## Problem to work on
Every line in the entries that holds "with" should be identified and copied.

## Dataset excerpts
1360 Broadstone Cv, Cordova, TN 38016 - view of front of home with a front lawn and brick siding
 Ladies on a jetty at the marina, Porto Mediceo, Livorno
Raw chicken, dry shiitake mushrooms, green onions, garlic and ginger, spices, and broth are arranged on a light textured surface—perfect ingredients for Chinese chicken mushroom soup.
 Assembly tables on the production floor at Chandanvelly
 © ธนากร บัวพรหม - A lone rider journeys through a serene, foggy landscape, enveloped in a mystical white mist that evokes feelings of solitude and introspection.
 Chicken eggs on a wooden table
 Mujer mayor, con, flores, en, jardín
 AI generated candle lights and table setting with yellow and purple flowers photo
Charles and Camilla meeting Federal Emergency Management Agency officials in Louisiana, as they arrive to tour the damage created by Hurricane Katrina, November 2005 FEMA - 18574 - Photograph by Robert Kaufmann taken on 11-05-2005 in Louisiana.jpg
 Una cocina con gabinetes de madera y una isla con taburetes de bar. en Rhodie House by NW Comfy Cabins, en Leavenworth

## Response box
1360 Broadstone Cv, Cordova, TN 38016 - view of front of home with a front lawn and brick siding
 AI generated candle lights and table setting with yellow and purple flowers photo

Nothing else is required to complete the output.